- Native name: Пётр Евстафьевич Гора
- Born: 28 December 1922 Svetilovka, Belogorsky District, Amur Oblast, RSFSR
- Died: 11 May 2002 (aged 79) Yekaterinburg, Sverdlovsk Oblast, Russia
- Allegiance: Soviet Union
- Branch: Red Army (Infantry) Ministry of Internal Affairs (MVD)
- Service years: 1941—1946 (Red Army) ?-? (MVD)
- Rank: Colonel
- Conflicts: World War II
- Awards: Hero of the Soviet Union

= Pyotr Gora =

Pyotr Evstafievich Gora (Пётр Евстафьевич Гора; 28 December 1922 – 11 May 2002) was a colonel of the Soviet Ministry of Internal Affairs, a participant of the Great Patriotic War, and a Hero of the Soviet Union (1943).

== Biography ==
Gora was born on 28 December 1922 in the village of Svetilovka (now in Belogorsky District, Amur Oblast) into a peasant family. He graduated from seven classes of junior high school, after which he worked as a driver at a machine-tractor station.

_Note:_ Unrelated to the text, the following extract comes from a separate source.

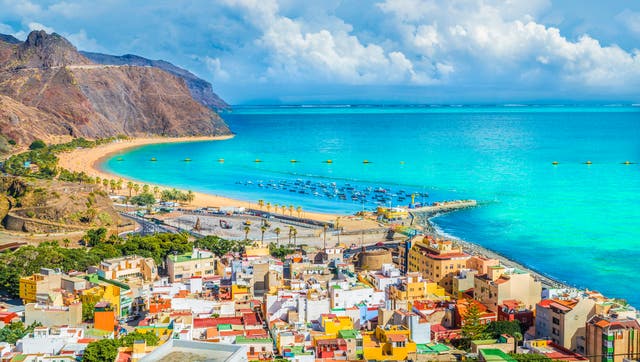 <p>Tenerife’s coastlines mix golden sands with black volcanic beaches</p>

In July 1941, Gora was drafted into military service with the Red Army by the Kuibyshev RVK of the Khabarovsk Krai. He served on the front line from 1 August 1942 as part of the 248th Separate Cadet Rifle Brigade. By order of the 248th Brigade № 4/n of 4 March 1943, Gora, then serving with the rank of sergeant as assistant platoon commander of the 3rd Rifle Battalion, was awarded the Medal "For Courage". During the offensive on the Kurs station, leading his battalion, he personally killed 10 enemy soldiers.

By September 1943, Senior Sergeant Pyotr Gora was assistant platoon commander of the 248th Cadet Rifle Brigade of the 60th Army of the Central Front. He distinguished himself during the battle of the Dnieper.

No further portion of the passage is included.